The Ole Miss defense is replacing both of its starting cornerbacks from last season.
And yet, there’s no sense of panic, no real concern from players and coaches. Actually, the Rebels are quite confident entering 2015. Credit the presence of decorated juniors Tee Shepard and Tony Bridges.
But the cornerback depth chart doesn’t end with its pair of former five-star prospects. Back for his sophomore season is Kendarius Webster, who played in every game a year ago with one start.
And he’s hungry.
His motivation is simple enough. Unlike during all of his freshman campaign, when he played with a brace to protect his surgically-repaired shoulder, Webster isn't lacking in confidence. He’s playing free, no longer limited in how he’s able to approach opposing wide receivers and running backs. And the 5-foot-11, 180-pound Webster is taking advantage of it.
“I don’t have to wear (the brace) now due to the fact that I’ve been strengthening all spring and summer. I feel like I’m ready to go with it full speed,” he said. “It was hard to adjust to balls in the air and fight for balls, but spring-wise I felt a lot different. I proved I can be physical with all the receivers and running backs.”
Webster wasn’t allowed to do much last August, his first fall camp as a Rebel. He didn’t get cleared for full football activities until close to kickoff of Ole Miss’ season-opening game against Boise State.
His college debut, the Chik-fil-A Kickoff, included a pair of solo tackles and a pass breakup - a glimpse of Webster’s talent and what made him a four-star prospect and the No. 25 cornerback in the country out of high school by Scout.com. Still, as the season wore on, he never felt fully like himself. The doubts about his shoulder lingered, hampering his play as Ole Miss delivered a 9-4 season.
He finished with 22 tackles and two pass breakups.
“I felt it, and in my heart I wasn’t really confident enough to get in there and actually play,” he said. “My teammates and my coaches encouraged me enough to play, because I was fresh out of surgery out of high school.”
“It restricted him some,” cornerbacks coach Jason Jones said. “I think it was more of a confidence issue with him, just knowing the brace was going to give him the support he needed and things like that. But I tell ‘ya, he had a great spring, he’s had a great summer and I’m looking for him to have a great camp. I’m looking for some big things out of him this season. He’s a guy that can definitely help us, and he has the ability to push those two guys to be a starter for us.”
Webster is no longer lacking in confidence. He said he knows the defense well now, so the goal of fall camp is simply to make plays. His preparation is better, too. Webster said he watches film more, which allows him to “pick up on little things that I don’t know.”
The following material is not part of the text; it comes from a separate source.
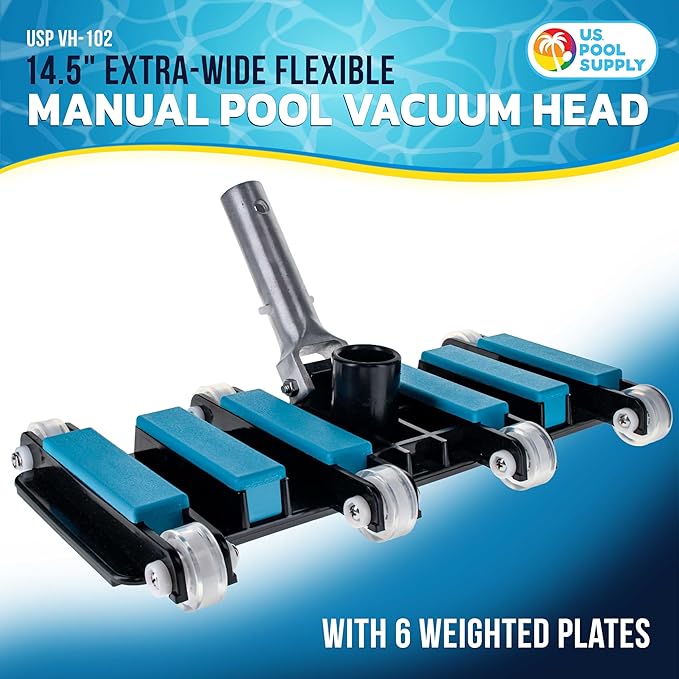 U.S. Pool Supply Manual Pool Vacuum Head for Inground Pools, Flexible, Extra-Wide, Weighted - 6 Weights, Blue, Connect 1.5" Hose, Metal Pole Handle - Swimming Cleaning Accessory Attachment, Vac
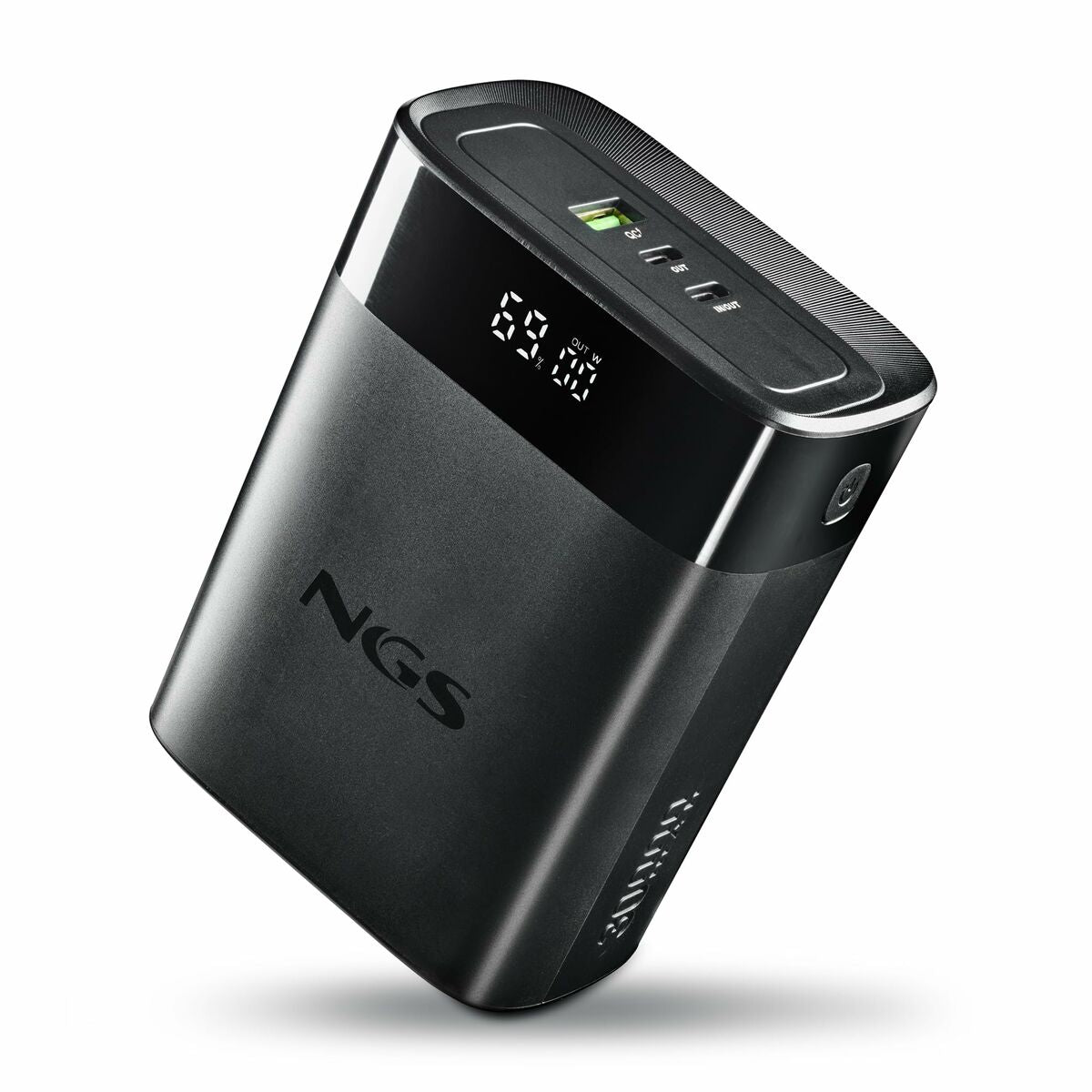Detail van de NGS TWIX30 powerbank in zwart, met ingebouwd display en laadniveaus.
“Just talking to (Ole Miss strength and conditioning) coach (Paul) Jackson and those guys in the weight room, the strength now in his shoulders are the same, so his numbers in the weight room are up as far as what he’s bench-pressing and snatching and things like that,” Jones said.
“He was on a limited workout plan this spring; he really didn’t have a whole lot of time in the weight room to get stronger. So at times when he had to use the arm he had surgery on, the strength just wasn’t there. That slowed him down a little bit in the spring. But he’s been doing great all summer. He has a chance to push those guys.”
And he’s eager for the opportunity. Ole Miss returns the majority of a defense that led the nation in scoring defense and ranked Top 20 in total and passing defense. Webster believes the Rebels could be even better, and he hopes to be a big part of it.
“I’m very confident right now,” he said. “I’m ready to get out there and move forward.”